(GIVEN INFORMATION begins)

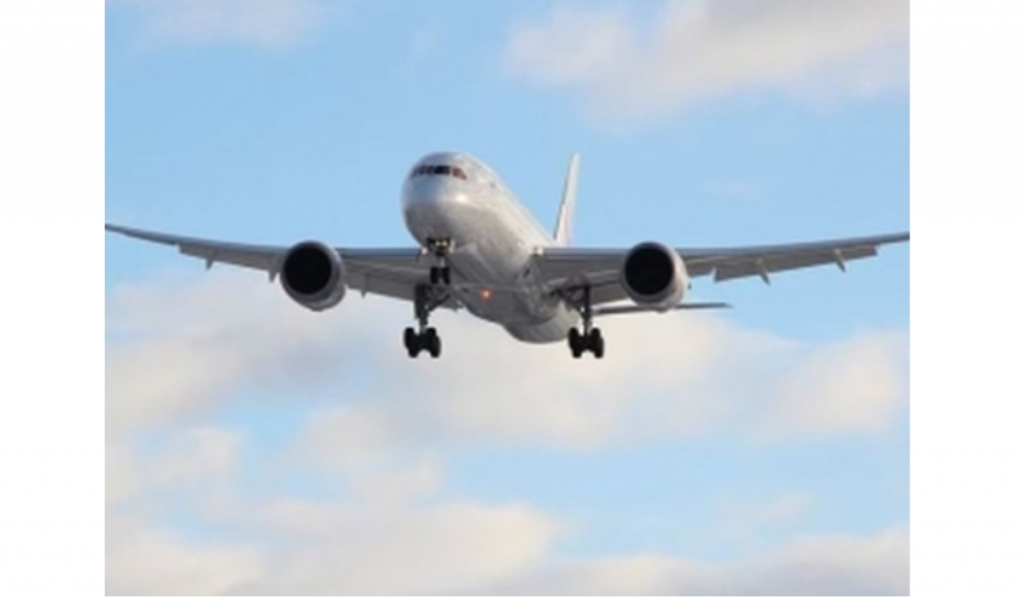UDAN Scheme Completes 10 Years, Over 1.49 Crore Passengers Benefit from Affordable Air Travel
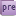 Adobe Premiere Elements 11 icon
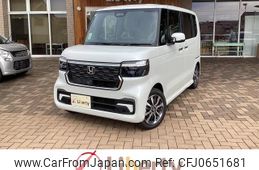 honda n-box 2024 quick_quick_JF5_JF5-1118294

(GIVEN INFORMATION ends)

ACTION ITEM: Leave the pictures out. Output exactly, and only, the lines from the one with "Adobe Premiere Elements 11 icon" through the last line of the listing above, both included.

ANSWER TO THIS EXERCISE:
 Adobe Premiere Elements 11 icon
 honda n-box 2024 quick_quick_JF5_JF5-1118294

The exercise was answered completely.